- Drove away from downtown, where he picked me up from work, looking for a McDonald's, which is like driving away from Wrigleyville looking for a gay bar--there are some, but you're much more likely to find what you're looking for if you just TURN AROUND.
- Settled on a Church's Chicken, asked me to run in and get him a sandwich, fries and pop, then looked at me funny when I waited for his money. "It's Father's Day, ain't it?" At least he laughed while saying this. If I were still a child, this line would have been followed by a pop in the mouth. Sent me back in to ask for a piece of cheese for his chicken sandwich (they don't do that at Church's).
- Took me home so that I could set my VCR for the NBA Finals, which I guarantee only happened because he was headed to the West Side anyway to see one of his buddies play guitar at a club.
- Dropped by a car repair chain, asked me to go in and find a certain product so that he could come right in and purchase it, and then we'd be off. Well, he didn't come in until 15 minutes after he sent me in. He was on his cell phone when he finally came in, so he had to yak away for a while before he could ask for the manager and yak with him for a while. Finally got to the counter, but disputed the price of something until the manager told the cashier to override and cut the price in half, presumably to get him the fuck out of there. Instead, Dad handed out flyers for his latest gig to the cashier, manager, and security guard, then had me run to the car...and fetch him his harmonica. "He does this all the time, doesn't he?" asked the security guard. I solemnly nodded. "Know why women like harmonica players?" asked my dad after chatting up the much younger cashier. "Cause you gotta know how to suck and blow and use your tongue, and they love that." Total time of brief trip to car repair chain--almost an hour and a half.

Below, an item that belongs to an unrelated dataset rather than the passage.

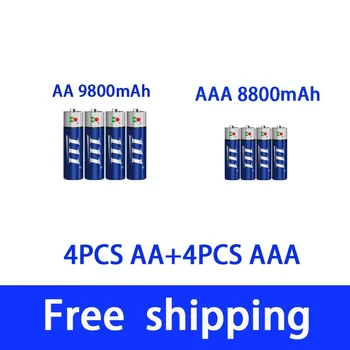 AAA + AA аккумуляторная батарея AA 1.5V 9800 mah - 1.5V AAA 8800 mAh щелочная батарея фонарик игрушечные часы MP3-плеер, бесплатная доставка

- Stopped at a corner liquor store that had a big sign that said "We Make Keys" (I'm the one who noticed the sign because we were on our way to look for a Home Depot so that my dad could get some keys made, and looking for a place with my dad can sometimes take months). Two 8-year-old girls came out of the store and woke me from my nap after about 10 minutes to ask me if I could spell "invisible." When I asked why they would ask me, they responded, "The man in the store said that you can spell anything." Yes, he still embarrasses me by telling complete strangers that I was the spelling bee champ in 1990.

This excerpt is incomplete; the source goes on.